Even if I had a server Xeon, other people can have Xeon that is a few times more/less expensive/faster.

Here we are coming to the cloud. I think that’s amazing that nowadays we can pay a few dollars per hour and get GPU worth 10k dollars to experiment with.

To compare apples to apples, I started with running benchmarks on 1$/hour CPU Optimized instance and 1$/hour GPU Optimized instances in AWS. It turned out that AWS has a few different families of GPU optimized instances (e.g. g3 vs p3). They differ by GPU type and price. That is why I decided to make an extra comparison for 3$/hour CPU vs GPU optimized instances. As you will see later distances between winners and looser in 1$ and 3$ categories were similar.

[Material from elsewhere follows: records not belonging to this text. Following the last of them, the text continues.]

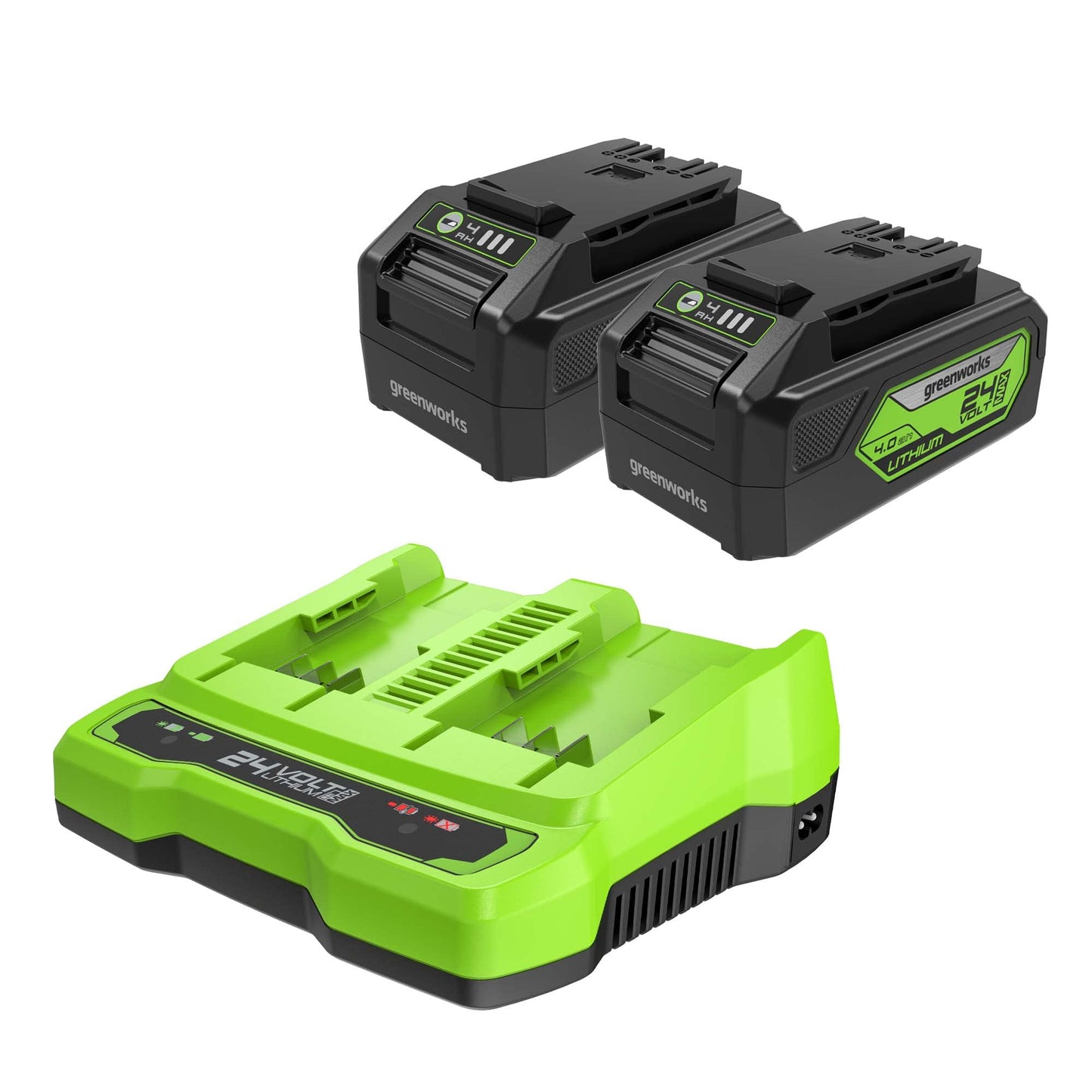 24V 4.0Ah USB Battery (2-Pack) Starter Kit & Dual Port Rapid Charger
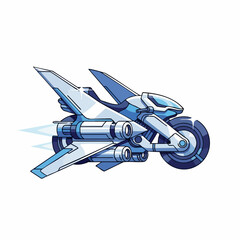 Futuristic flying motorcycle with jet engines and wings.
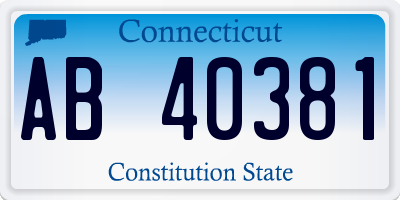 CT license plate AB40381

Regarding the test, I made two groups of tests. One group for European Call options which are quite easy to calculate and another group for Barrier KO options which require more computations. For each group, I created two tests with different ratio between required memory and computations (number of options vs the number of Monte Carlo simulations).

List of tests:

Price 500 European call option with 1m MC simulations;
Price 5000 European call option with 100k MC simulations;
Price 500 Barrier out call option with 1m MC simulations;
Price 5000 Barrier out call option with 100k MC simulations;

Results:

As we can see, for European options CPU on average is 4 times fast than GPU. While for Barrier options GPU is from 9 to 17 times faster than GPU.

These results are in line with the assumption that GPU main overhead is copying data from RAM to GPU memory. And invoking a trivial operation on a large amount of data doesn’t make sense.

AWS instances specs:
3$ GPU — p3.x2large 3.06$, Xeon E5–2686v4 2.3, Tesla V100-SXM2–16GB;
3$ CPU — c5.18xlarge 3.06$, Xeon Platinum 8124M 3GHz (2processors);
1$ GPU g3.4xlarge 1.14$; Nvidia Tesla M60–8GB;
1$ CPU. There was no CPU Optimized instance with price 1$. That is why I run the benchmark on 2 instances with average price 1.105$ and averaged results. c5.4xlarge — 0.68$, Xeon 8124 3GHz and c5.9xlarge — 1.53$, Xeon Platinum 8124M 3GHz;

Conclusion

If you have Java code you want to run on GPU, Aparapi library may help you a lot. You may have a significant increase in performance depending on your task. In my case pricing of Barrier options on GPU was from 9 to 17 times faster. If you get a good result, you may think to rewrite your code using native OpenCL or CUDA platform. In this case, your code may become even faster and you will get access to the useful libraries (e.g. CUDA has useful random number generators).

Code used in the blog: https://github.com/AlexeyPirogov/MonteCarloGPUJava.